Posted: Sat Apr 25, 2015 8:26 pm
by darkinsanity
Hey there,
I'm currently refactoring some of my kernel-code, and I came to the conclusion that my stack management is probably not the best. I'm writing a Microkernel, and my original approach was this: For each new thread started, the kernel allocated only a kernel-stack, the userspace was responsible for getting it's own stack. Then I began implementing IPC with popup-threads and figured that I needed a simple way to allocate a userspace-stack for them. So I started to use a bitmap for allocating a stack for the popup-threads.
However, I'm sure that my approach is far from being optimal. Not only does it probably lead to duplicated code, it also prevents me from using kernel-based stack-protection mechanisms. I then wondered how other hobby operating systems handle this, and started to poke around. Some just handed out page-sized chunks, starting from the top of the address space, and didn't care about freeing the memory (which would be especially bad for my kernel, since it uses popup-threads).

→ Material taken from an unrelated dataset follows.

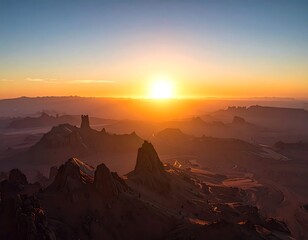 A warm sunset casts a glow over a vast, rocky desert landscape with a few prominent rock formations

So, how would a good stack-management look like? Even if I don't plan to implement stack-protection mechanisms at the moment, I want to have the opportunity to do it later without reimplementing everything. Where would I place the stacks? And what if a thread needs more than a single page?

Another problem that bothers me is, when and how do I clean up threads? When a thread exits, the kernel uses the kernel-stack of the thread, so I can't immediately free it. But when do I do it, then? Should I let the scheduler check if there are threads that can be cleaned up, or do I add them to a list so the idle-thread does the cleanup (and what would happen if the CPU is kept busy)? Or should I switch to a one-stack-per-CPU-approach?

I'm interested in how other OSes handle these things, but the really small ones often don't handle this very well, and the big ones (Linux etc) are too complicated to understand without investing hours. If you have solved these problems in your own OS (or in one you know), I'd be thankfull for a link to the code.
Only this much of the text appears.